- Born: October 27, 1925
- Died: 2010 (aged 84–85)
- Occupation: Journalist

= Anthony Hart Harrigan =

American journalist

Anthony Hart Harrigan (October 27, 1925 – 2010) was a conservative columnist, lecturer, and author. He was an editor of the News and Courier in Charleston, South Carolina and had a syndicated column.

His father was Anthony Hart Harrigan Sr., a doctor in New York City, and his grandfather was actor and playwright Edward Harrigan.

Harrigan wrote about various topics including Rhodesia, South Africa, Viet Nam, the media, and freedom of speech. He edited a book of collected writings from conservative Courier newspaperman William Watts Ball.

He married Elizabeth Ravenel and had 4 children.

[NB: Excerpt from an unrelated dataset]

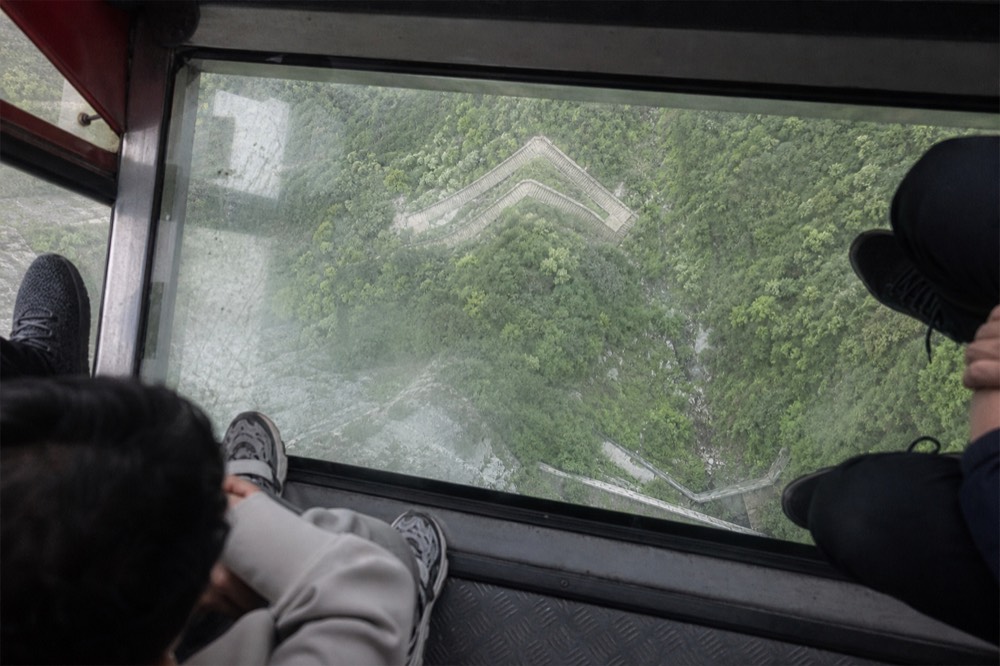 Interior of a glass-floor cable car cabin showing the valley below through the transparent floor, no text, no logos, no people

One of his columns was a scathing attack on Paul B. Zuber and James Baldwin in 1964, calling them hard core leftists and Communists while stating that insurrectionists did not "just emerge from the sewers in a day".

He was an editor at the Courier from 1956 until 1970.

The South Carolina Historical Society and University of Wyoming have collections of his and his family's papers including correspondence with Republican Party politicians, columns, and documents related to his family history.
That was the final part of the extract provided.